The roughly 60 people who live at the Goodall Wooten, a residential dormitory on the Drag known affectionately as “The Woo,” have been told they have to vacate next month and find new housing after being told the building was sold.
The announcement, which came April 16, surprised many tenants, said resident adviser Jennifer Beardsley, who has lived at the Goodall Wooten, 2112 Guadalupe St., at different times over the past eight years and has relied on it for cheap rent in the otherwise saturated and expensive West Campus area bordering the University of Texas.
“It is a dorm, but really it is more diverse than just students,” she said. “I would say half the people here are working adults. … A lot of them are being put out. Everyone identifies this as a dorm, but we are kind of unofficial low-income housing.”

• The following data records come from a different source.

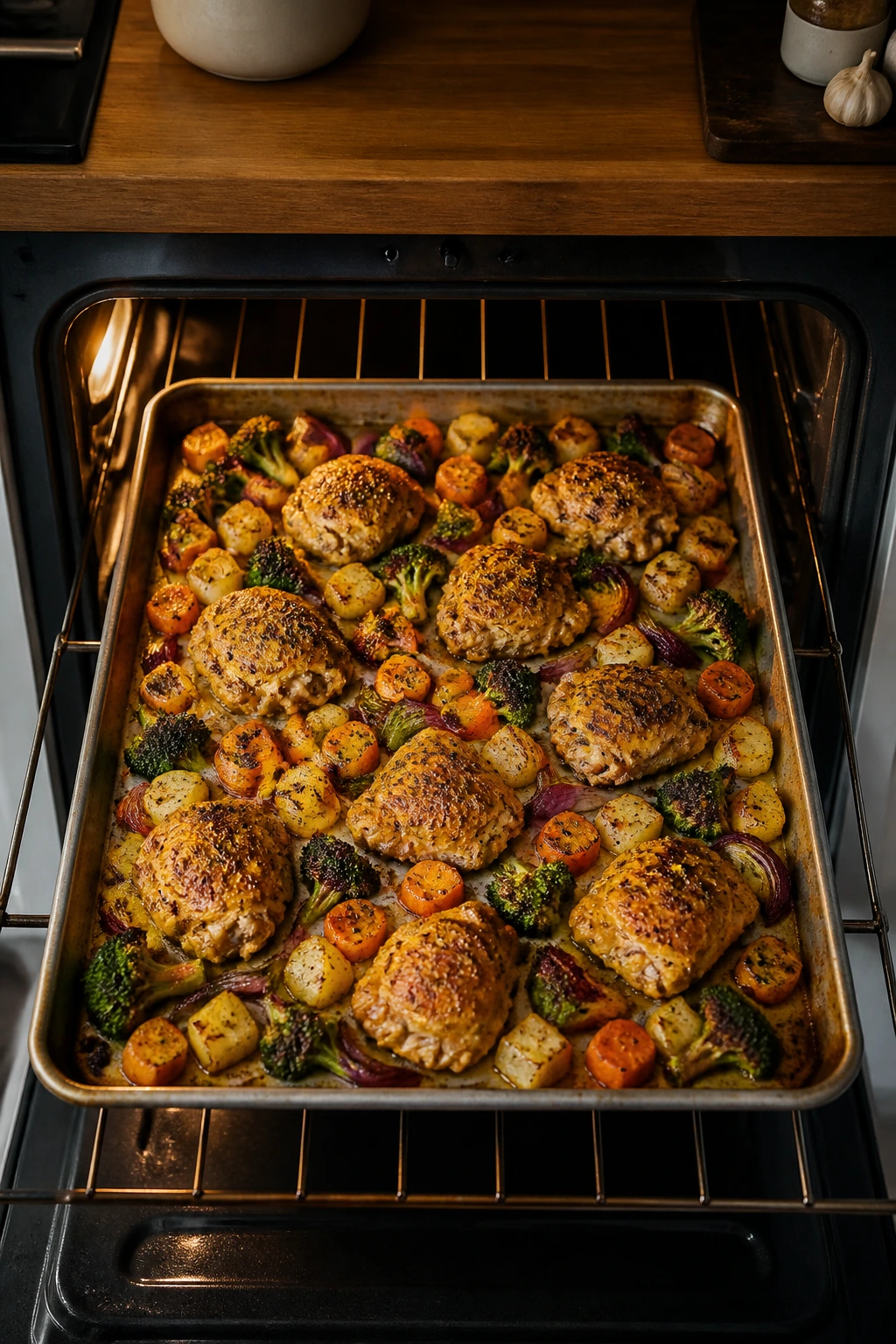 Sheet-pan chicken and vegetables roasting on a sheet pan in a home oven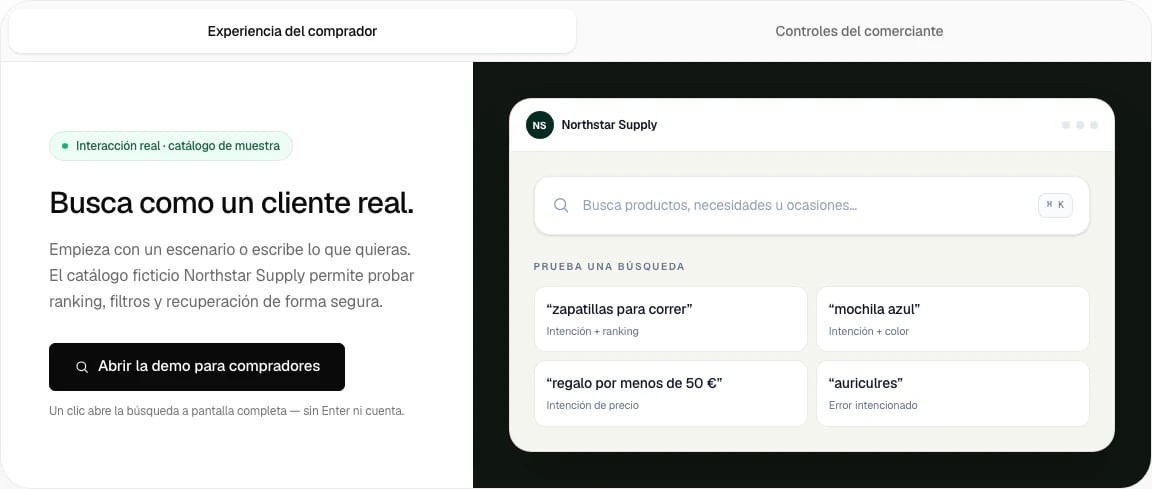 Laboratorio interactivo localizado de NP Search para Shopify.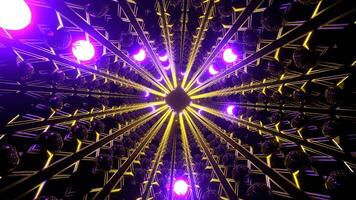 Purple and Yellow Bright Glow Strobes Tunnel Background VJ Loop in 4K video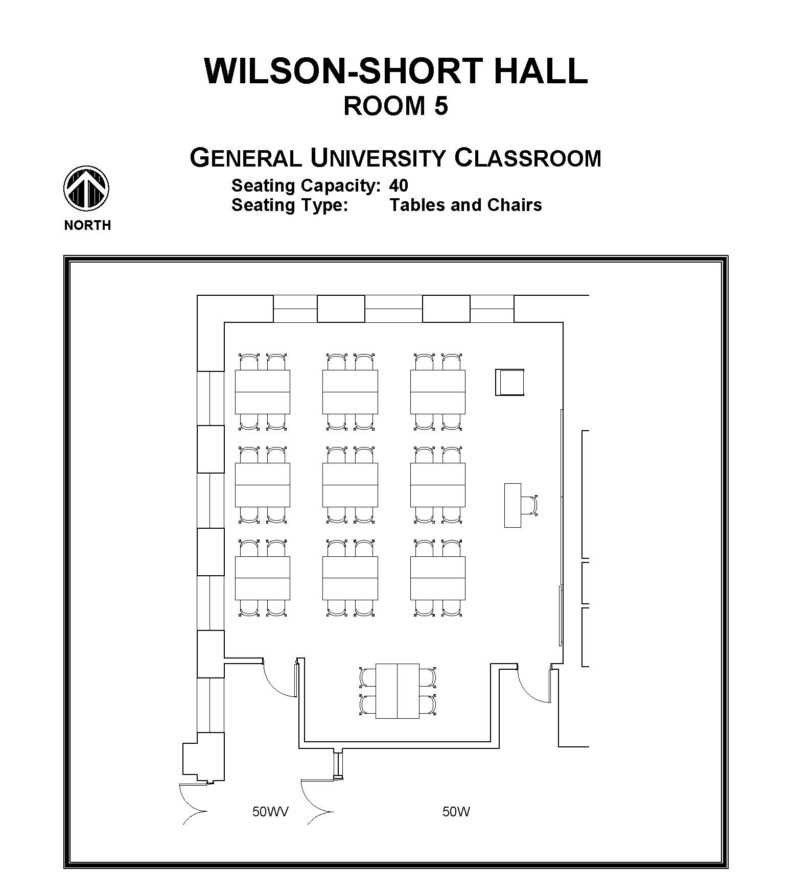 Layout diagram of Wilson Hall, Room 5, General University Classroom. Seating capacity of 40, seating type is tables and chairs.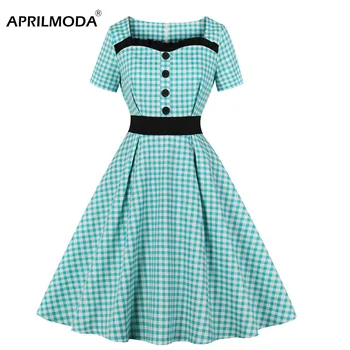 Retro Vintage Plaid Women Dress Summer Style Junior Party Classic Short Sleeve V Neck Button Decorative 50s Swing Midi Dresses 
Retro Vintage Plaid Women Dress Summer Style Junior Party Classic Short Sleeve V Neck Button Decorative 50s Swing Midi Dresses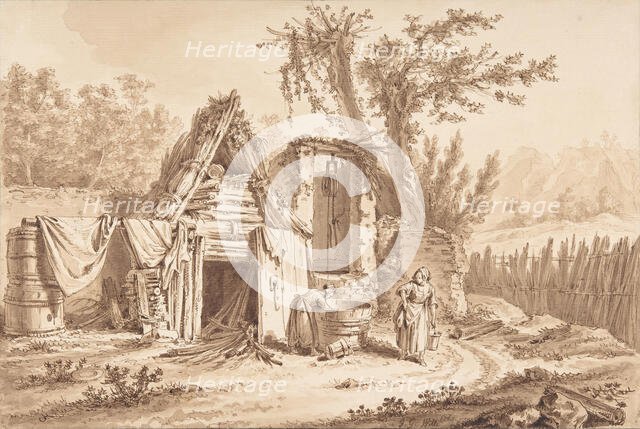Washerwomen in Front of a Cottage, 1769. Creator: Johann Georg Wille.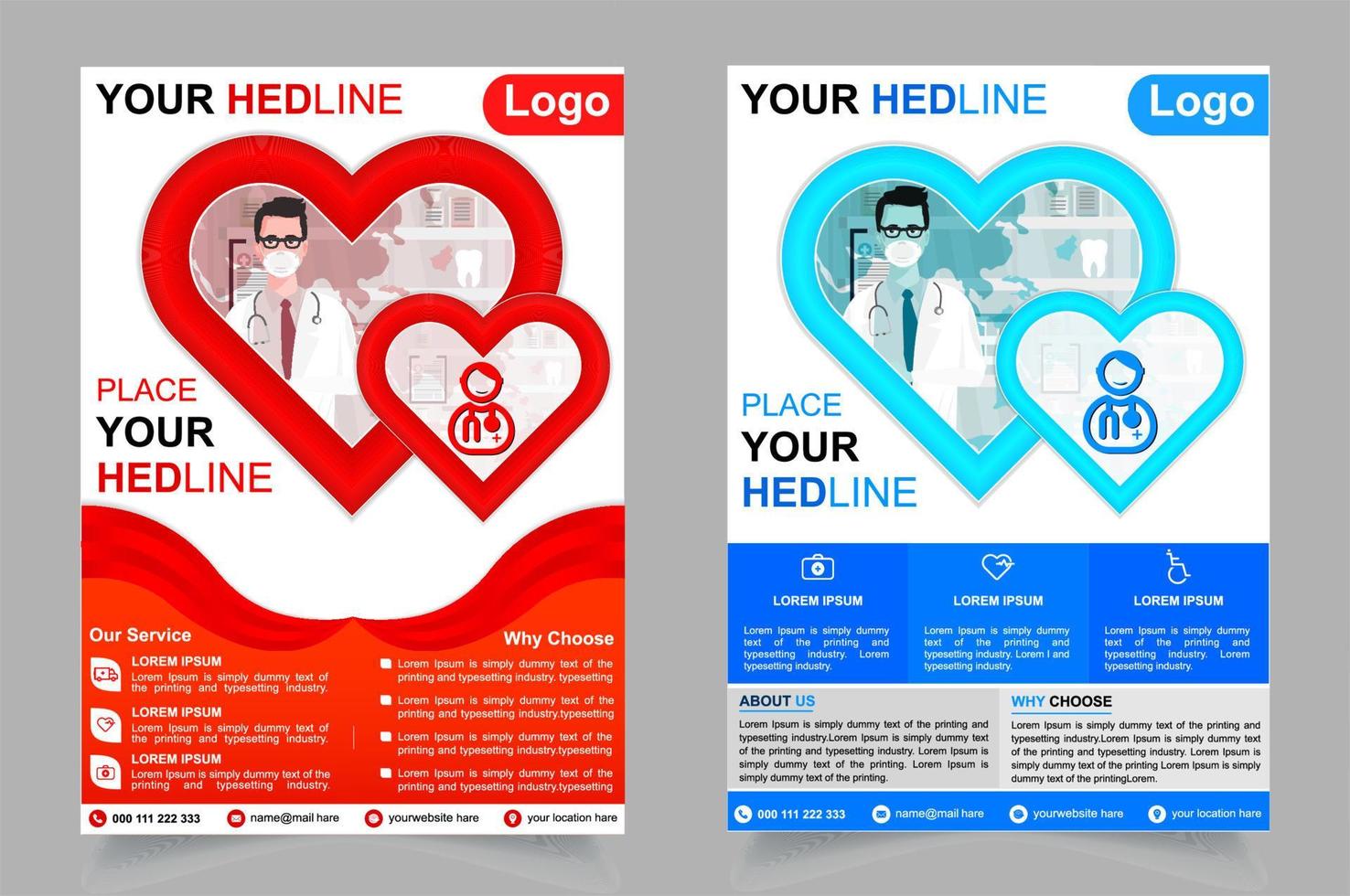 medicinsk hälsa flyer design vektor mall. eller design av flygblad för företag. anpassa till affisch broschyr broschyr omslagslayout, två färger mångsidig flygblad bakgrund. vektor illustration, A4 storlek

Beardsley said she and other advisers were called last week into a meeting with the building manager, Kevin Wright, who told them the Wooten would be sold and residents had to leave by May 16, when their leases expire.
She said they weren’t told whether the building would be torn down or redeveloped, but in the days that followed, they told all the residents they would have to leave.
“At least half accepted it,” Beardsley said. “A few people are kind of holding out and trying to get other people to stay.”
The Wooten, which was built in 1956, is valued at $5.2 million, according to Travis Central Appraisal District records.
A deed history shows it has not been sold yet and lists the owner as David McCullough, who could not be reached Friday.
No site plans have been submitted to the city for the property, records show.
The Wooten is classified as off-campus residential housing and is not directly affiliated with UT. Beardsley said it offered 91 private and shared rooms ranging in rent from $390 to $864 per month.
Some tenants said they were offered short-term lease extensions if they needed time to find a new place, UT student newspaper The Daily Texan reported.
The Austin Tenants Council, which advocates for renters’ rights, said it is likely residents don’t have much legal recourse. Its executive director, Juliana Gonzalez, said she couldn’t say with certainty without seeing the leases, but “everything so far indicates to me that their legal obligations have been met.”
“They signed leases for a particular term and that term is done,” she said. “That doesn’t mean it’s right.”